You would design you code something like this:
int A_dim = 1000
long sum[2] = {0,0}
#pragma omp parallel
{
int threadID = omp_get_thread_num();
int start = threadID * (A_dim / 2)
int end = (threadID + 1) * (A_dim / 2)
for(int i = start; i < end; i++)
sum[threadID] += A[i]
}
start is the lower bound which your thread will start summing from (example: thread #0 will start summing from 0, while thread #1 will start summing from 500).
end is pretty much the same of start, but it's the upper bound of which array index the thread will sum up to (example: thread #0 will sum until 500, summing values from A[0] to A[499], while thread #1 will sum until 1000 is reached, values from A[500] to A[999])
I want to understand what is the point of running same code under different threads. In what kind of cases it can be helpful?
When you are running the same code on different data.
For example, if I want to invert 10 matrices, I might run the matrix inversion code on 10 threads ... to get (ideally) a 10-fold speedup compared to 1 thread and a for loop.
The basic idea of OpenMP is to distribute work. For this you need to create some threads.
The parallel construct creates this number of threads. Afterwards you can distibute/share work with other constructs like omp for or omp task.
A possible benefit of this distinction is e.g. when you have to allocate memory for each thread (i.e. thread-local data).
I want to understand what is the point of running same code under different threads. In what kind of cases it can be helpful?
One example: in physics you got a random process(collision, initial maxwellian etc) in your code and you need to run the code many times to get the average results, in this case you need to run the same code several times.
I want to replace:
omp_set_lock(&bestTimeSeenSoFar_lock);
temp_bestTimeSeenSoFar = bestTimeSeenSoFar; // this is a read
omp_unset_lock(&bestTimeSeenSoFar_lock);
...
omp_set_lock(&bestTimeSeenSoFar_lock);
// update/write bestTimeSeenSoFar
omp_unset_lock(&bestTimeSeenSoFar_lock);
with code that will allow multiple threads to be reading the variable at once UNLESS a thread is trying to write, in which case they wait until the write is done.
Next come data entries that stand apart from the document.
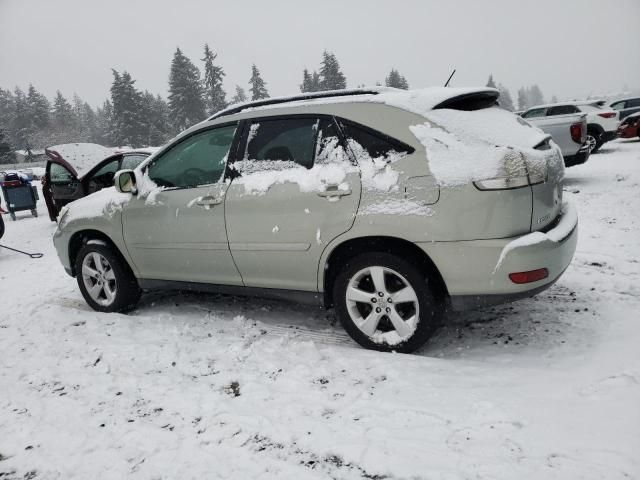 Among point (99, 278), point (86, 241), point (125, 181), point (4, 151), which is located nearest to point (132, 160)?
point (86, 241)

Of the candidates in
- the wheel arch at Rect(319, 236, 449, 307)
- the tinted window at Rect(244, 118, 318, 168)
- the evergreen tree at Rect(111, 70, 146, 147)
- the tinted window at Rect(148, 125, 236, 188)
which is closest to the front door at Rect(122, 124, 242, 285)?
the tinted window at Rect(148, 125, 236, 188)

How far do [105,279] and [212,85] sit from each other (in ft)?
202

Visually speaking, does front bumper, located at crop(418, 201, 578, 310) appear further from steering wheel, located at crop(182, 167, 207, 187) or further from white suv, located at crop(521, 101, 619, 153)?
white suv, located at crop(521, 101, 619, 153)

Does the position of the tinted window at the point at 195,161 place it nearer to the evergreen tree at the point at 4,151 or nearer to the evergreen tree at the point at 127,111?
the evergreen tree at the point at 127,111

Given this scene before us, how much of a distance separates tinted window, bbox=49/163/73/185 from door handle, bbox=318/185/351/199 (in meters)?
8.21

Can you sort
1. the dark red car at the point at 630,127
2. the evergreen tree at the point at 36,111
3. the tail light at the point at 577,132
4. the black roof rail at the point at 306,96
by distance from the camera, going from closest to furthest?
the black roof rail at the point at 306,96
the tail light at the point at 577,132
the dark red car at the point at 630,127
the evergreen tree at the point at 36,111

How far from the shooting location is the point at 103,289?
457 centimetres

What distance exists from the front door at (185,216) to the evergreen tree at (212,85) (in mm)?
58730

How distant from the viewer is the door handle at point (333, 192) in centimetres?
299

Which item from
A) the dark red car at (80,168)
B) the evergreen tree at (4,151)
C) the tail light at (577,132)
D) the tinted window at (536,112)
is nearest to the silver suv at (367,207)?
the dark red car at (80,168)

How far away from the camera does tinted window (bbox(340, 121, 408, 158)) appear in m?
2.90

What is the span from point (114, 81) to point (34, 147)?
106 ft

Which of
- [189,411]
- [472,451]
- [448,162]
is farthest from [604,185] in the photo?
[189,411]

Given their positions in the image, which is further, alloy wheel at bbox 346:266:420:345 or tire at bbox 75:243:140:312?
tire at bbox 75:243:140:312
Help?
What about using something like this?
#pragma flush( bestTimeSeenSoFar )
#pragma omp atomic read
temp_bestTimeSeenSoFar = bestTimeSeenSoFar;
...
#pragma omp atomic write
bestTimeSeenSoFar = whatever;
#pragma flush( bestTimeSeenSoFar )
My reading to the OpenMP standard chapter 2.12.6 dealing with atomic doesn't permit me to decide whether this will perform exactly what you want, but this is the best / closest I can come up with. Moreover, even if this might work in theory, it will be highly dependant on the quality of the implementation of this feature within your compiler. So it not working for you won't necessarily imply that the idea is wrong.
Anyway, I would encourage you to give it a try and, please please, to report if it works for you.